(Stored items)
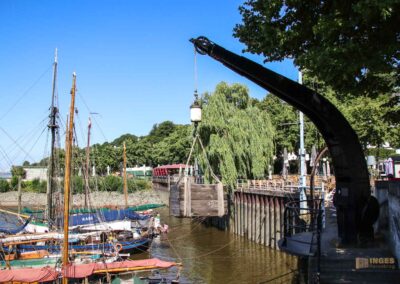 Museumshafen Oevelgönne Hamburg 9514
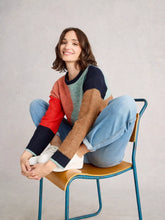 Load image into Gallery viewer, Freya Abstract Jumper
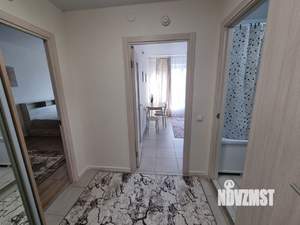 1-к квартира, посуточно, 40м2, 14/14 этаж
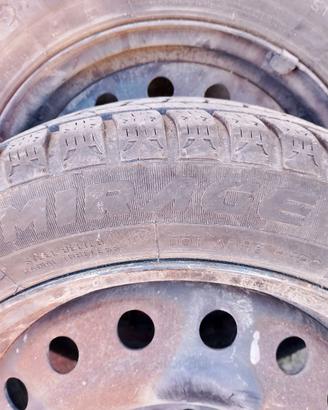 Coppia gomme Mirage 185/55 86H XL R 15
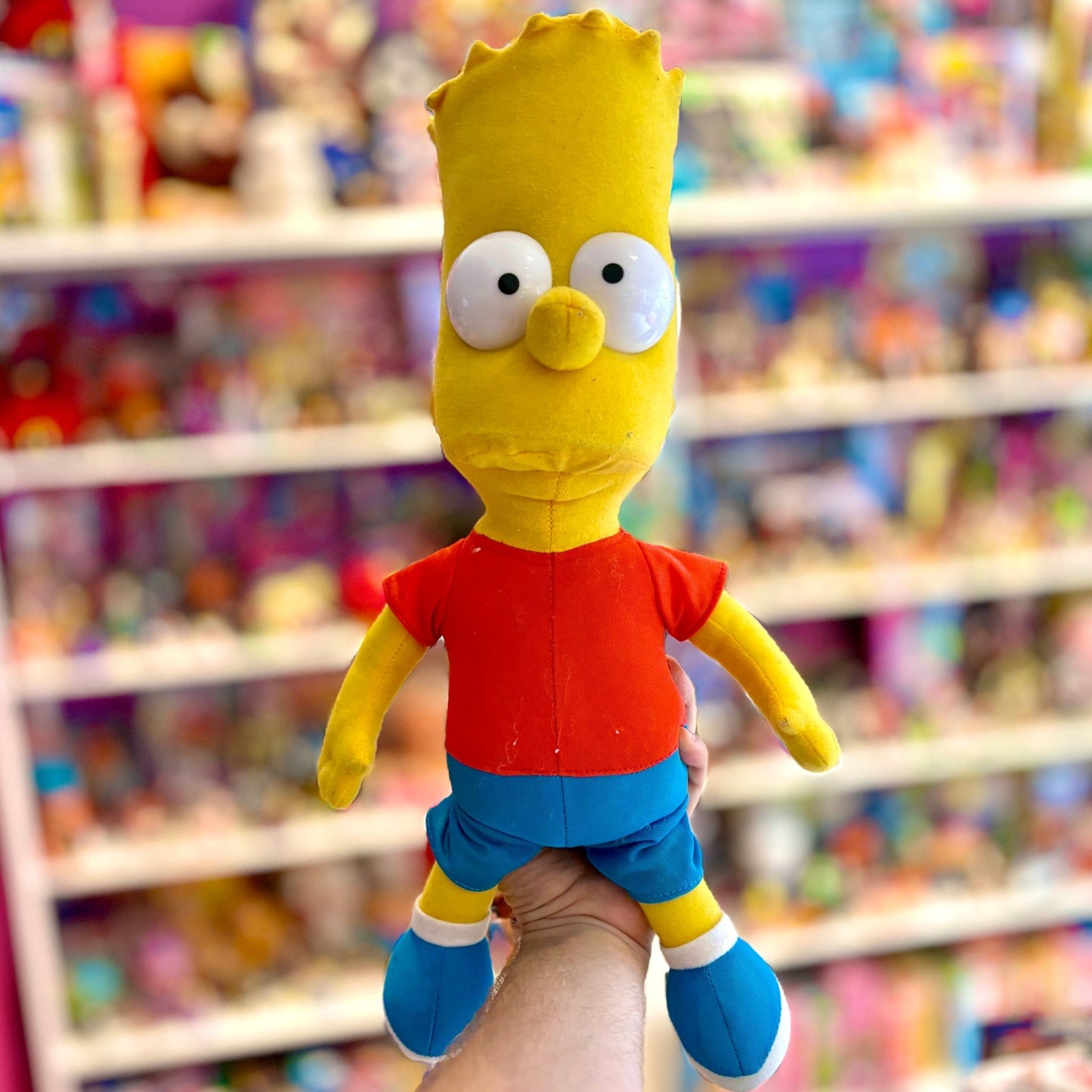 The Simpsons: Bart Simpsons Plush (2000s) - PopCultGang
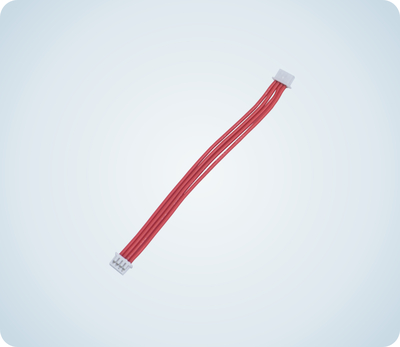 CABLE ASSEMBLY 4P HSG TO 4P HSG SILICONE WIRE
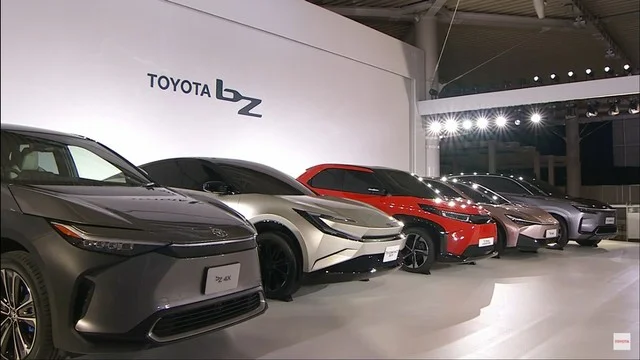Toyota Resmikan Pabrik Baru untuk Produksi Kendaraan Energi Terbarukan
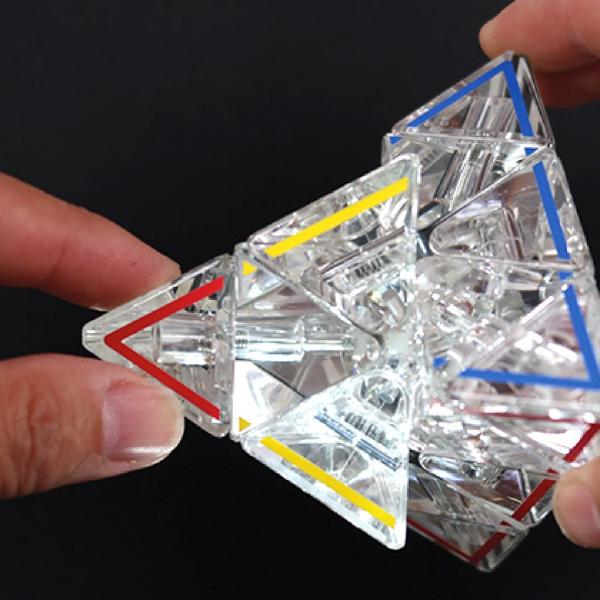 Joc logic Meffert's: Pyraminx Crystal
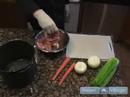 Nasıl Hazırlamak Ve Tavuk Pişirmek İçin: Adım İki Tavuk Stok Tarifi Yapmak İçin Resim 3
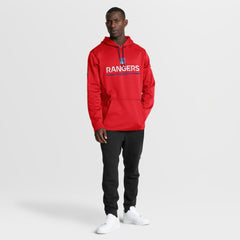 New York Rangers Fanatics Authentic Pro Rink Hoodie On Sale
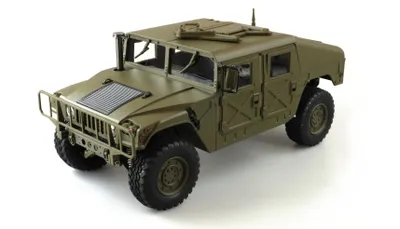 Produktbild von Amewi 4x4 U.S. Militär Truck 1:10 Army grün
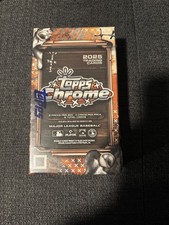 2025 TOPPS CHROME X CACTUS JACK FANATICS FEST NYC EXCLUSIVE BASEBALL BOX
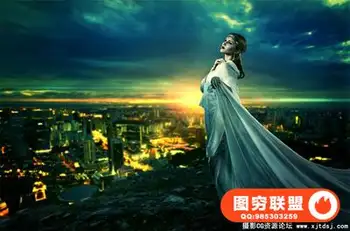 ps人像合成视频教程-I want you back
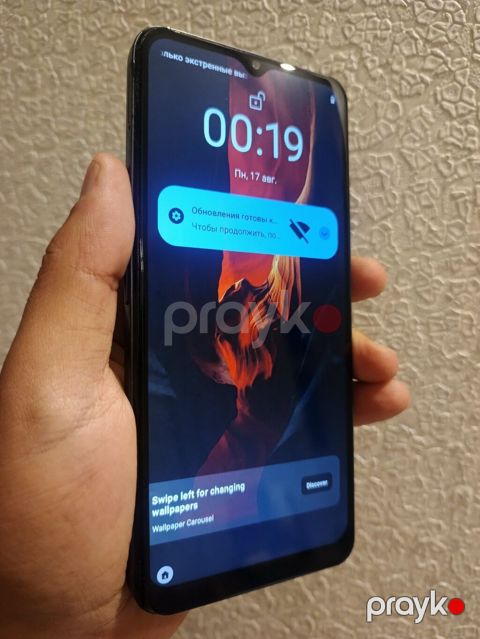 Realme C35, 128 GB, Barmaq izi — Bakı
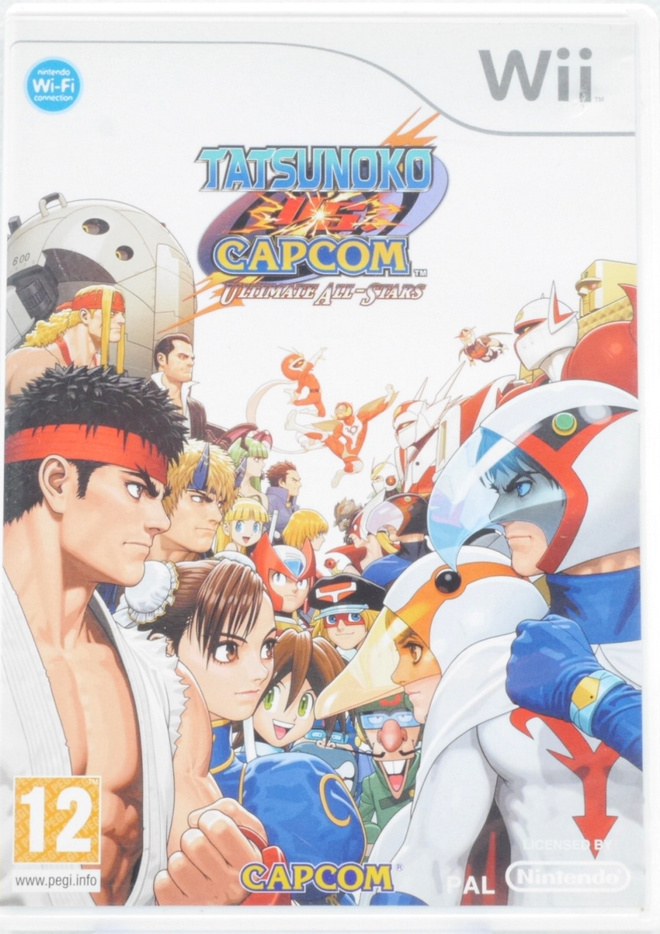 Tatsunoko vs. Capcom: Ultimate All-Stars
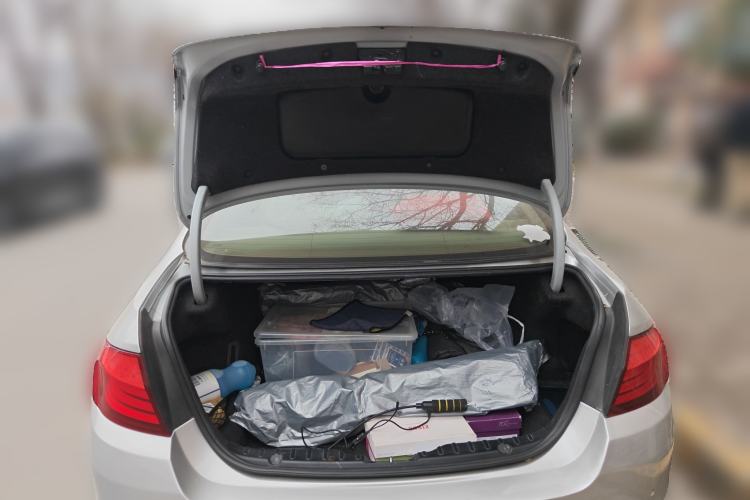 Used BMW 5 Series 2012 523Li Luxury Model
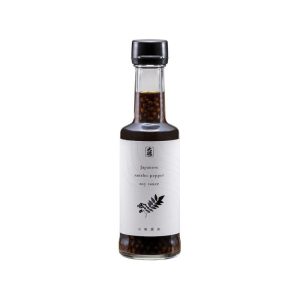 Daitoku Shoyu Fragrant Sansho Pfeffer Sojasauce ohne Zusätze – 200ml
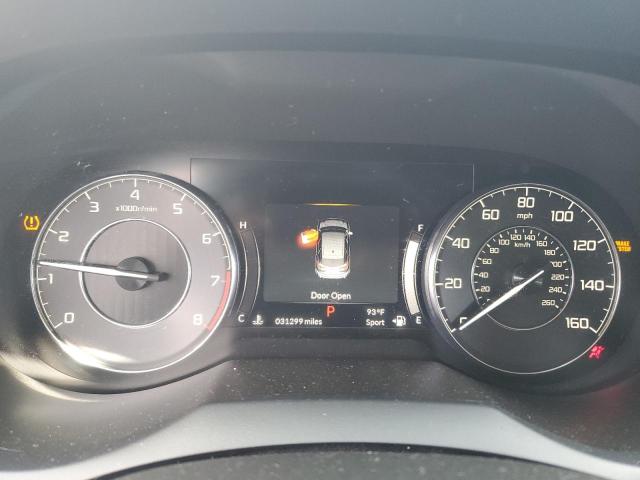 5J8TC2H39ML026293 - 2021 ACURA RDX WHITE photo 9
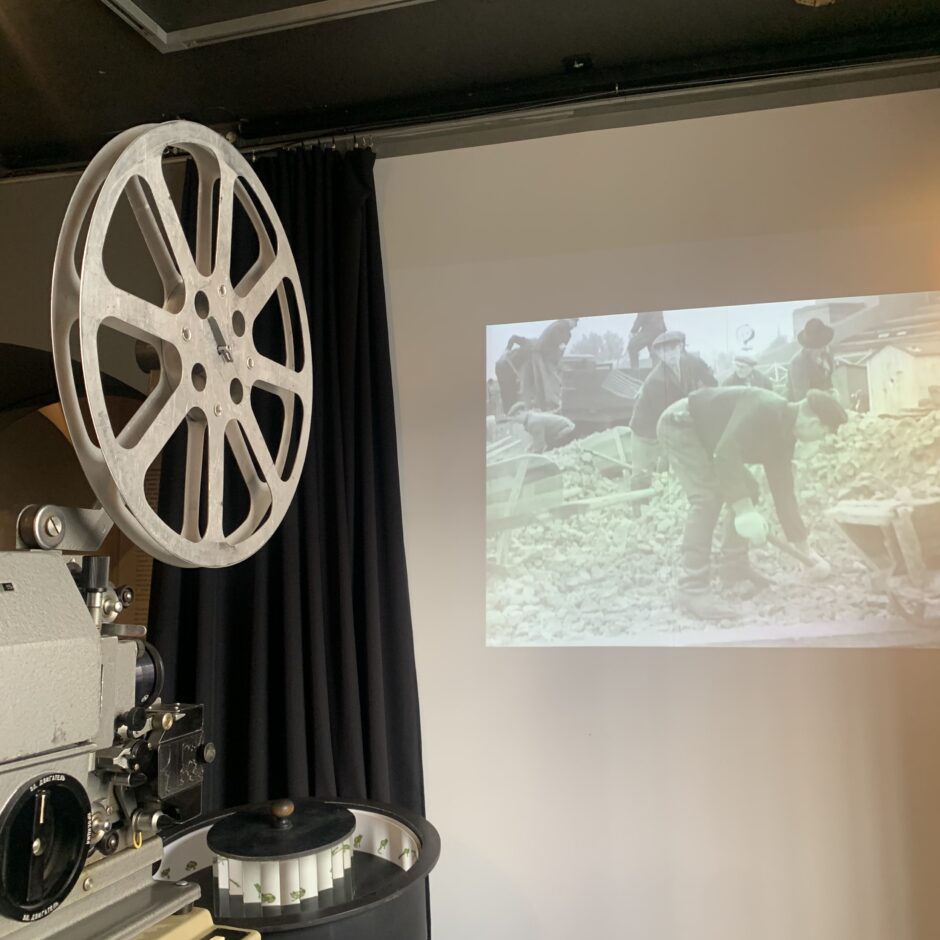 Kino muzeja apmeklējums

[EXERCISE REQUIREMENTS] Exactly the lines from the one containing "Joc logic Meffert's: Pyraminx Crystal" to the final line of the entries are wanted; please write them out, both ends included, but not the pictures.

[RESPONSE FOR THIS EXERCISE]
 Joc logic Meffert's: Pyraminx Crystal
 Nasıl Hazırlamak Ve Tavuk Pişirmek İçin: Adım İki Tavuk Stok Tarifi Yapmak İçin Resim 3
 New York Rangers Fanatics Authentic Pro Rink Hoodie On Sale
 Produktbild von Amewi 4x4 U.S. Militär Truck 1:10 Army grün
 2025 TOPPS CHROME X CACTUS JACK FANATICS FEST NYC EXCLUSIVE BASEBALL BOX
 ps人像合成视频教程-I want you back
 Realme C35, 128 GB, Barmaq izi — Bakı
 Tatsunoko vs. Capcom: Ultimate All-Stars
 Used BMW 5 Series 2012 523Li Luxury Model
 Daitoku Shoyu Fragrant Sansho Pfeffer Sojasauce ohne Zusätze – 200ml
 5J8TC2H39ML026293 - 2021 ACURA RDX WHITE photo 9
 Kino muzeja apmeklējums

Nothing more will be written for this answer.